Abstract
Graph theory-based approaches are efficient tools for detecting clustering and group-wise differences in high-dimensional data across a wide range of fields, such as gene expression analysis and neural connectivity. Here, we examine data from a cross-sectional, resting-state magnetoencephalography study of 89 Parkinson’s disease patients, and use minimum-spanning tree (MST) methods to relate severity of Parkinsonian cognitive impairment to neural connectivity changes. In particular, we implement the two-sample multivariate-runs test of Friedman and Rafsky (Ann Stat 7(4):697–717, 1979) and find it to be a powerful paradigm for distinguishing highly significant deviations from the null distribution in high-dimensional data. We also generalize this test for use with greater than two classes, and show its ability to localize significance to particular sub-classes. We observe multiple indications of altered connectivity in Parkinsonian dementia that may be of future use in diagnosis and prediction.
Highlights
We explore the possibilities of minimum spanning tree (MST)-based methods, the multivariate runs test, to detect group differences in medical information by performing connectivity analyses on cross-sectional resting-state magnetoencephalography (MEG) data drawn from three classes of Parkinson’s disease (PD) patients—normal cognition (PD-NC), mild cognitive impairment (PD-Mild Cognitive Impairment (MCI)) and full dementia (PDD)

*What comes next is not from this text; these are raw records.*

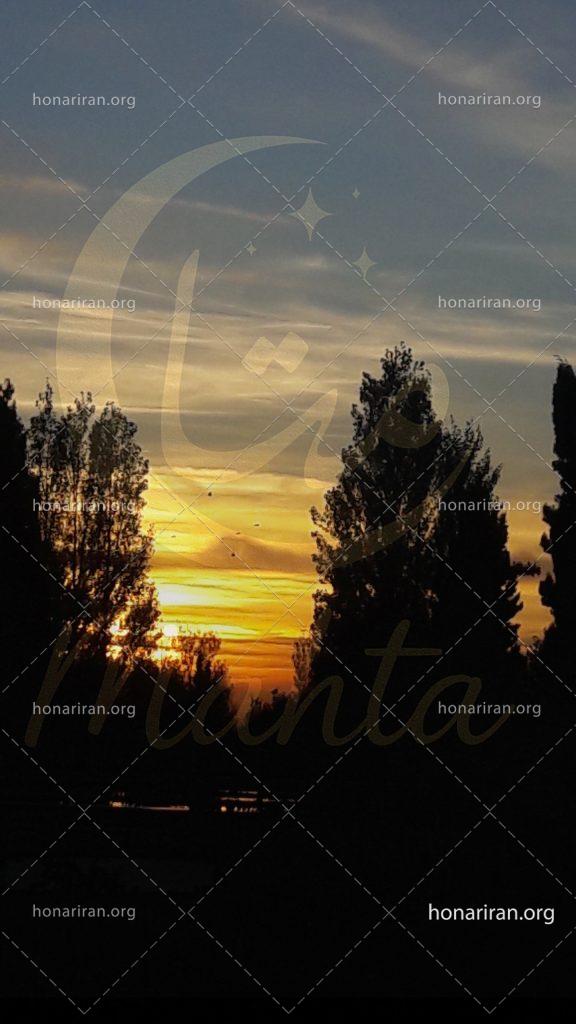 قطعه عکس نور پنهان در شاخه ها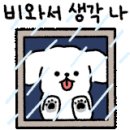 퐁이네 애견 이미지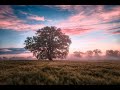 7 فوائد للاستيقاظ في الصباح الباكر 
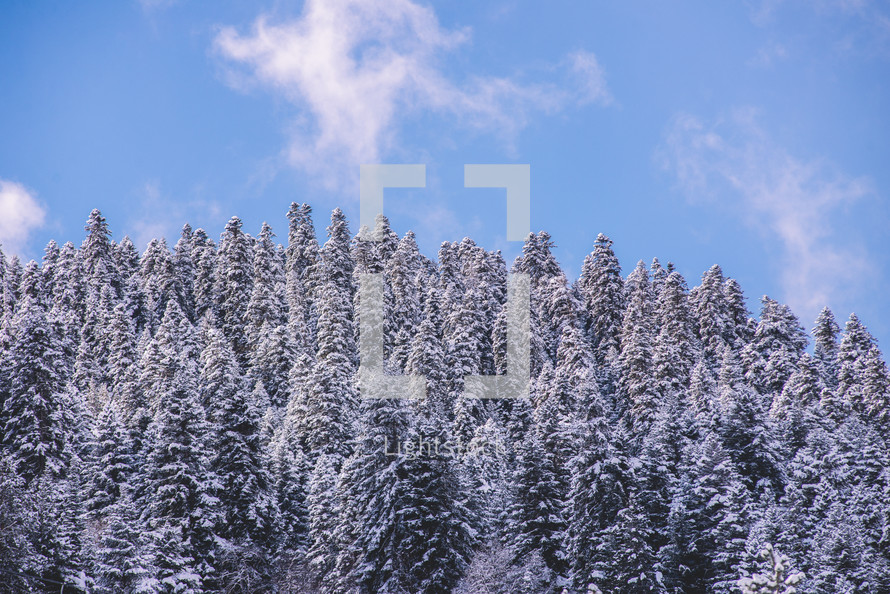 Blue sky and sunlight on the snowy spruce forest 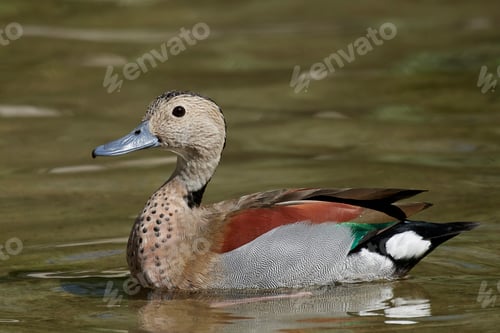 Preview: Ringed teal (Callonetta leucophrys)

Aggregated over all conditions, we found nodes from the PD-NC and MCI classes were most likely to share edges in the 3-class MST, while PD-NC and Parkinson’s disease dementia (PDD) were much less likely; the number of shared edges between PD-MCI and PDD were intermediate (Fig. 5)
We found strong indications in all bands that connectivity becomes considerably less variable between patients with dementia progression, while for lower-frequency bands there is a partial recovery of this variability going from PD-MCI to PDD
Summary
More broadly, network science, provides a natural mathematical framework for the representation and analysis of complex networks[1,3,4], giving it clear applicability for studies of brain connectivity. In such studies, brain regions of interest are represented as "nodes" of a graph structure, while significant information flow between the nodes is represented as connecting "edges". One approach to the study of graph connectivity is to threshold the connectivity values so that connections below a certain strength are excluded from the graph This introduces a subjective parameter into the analysis, which may dramatically affect r esults[7].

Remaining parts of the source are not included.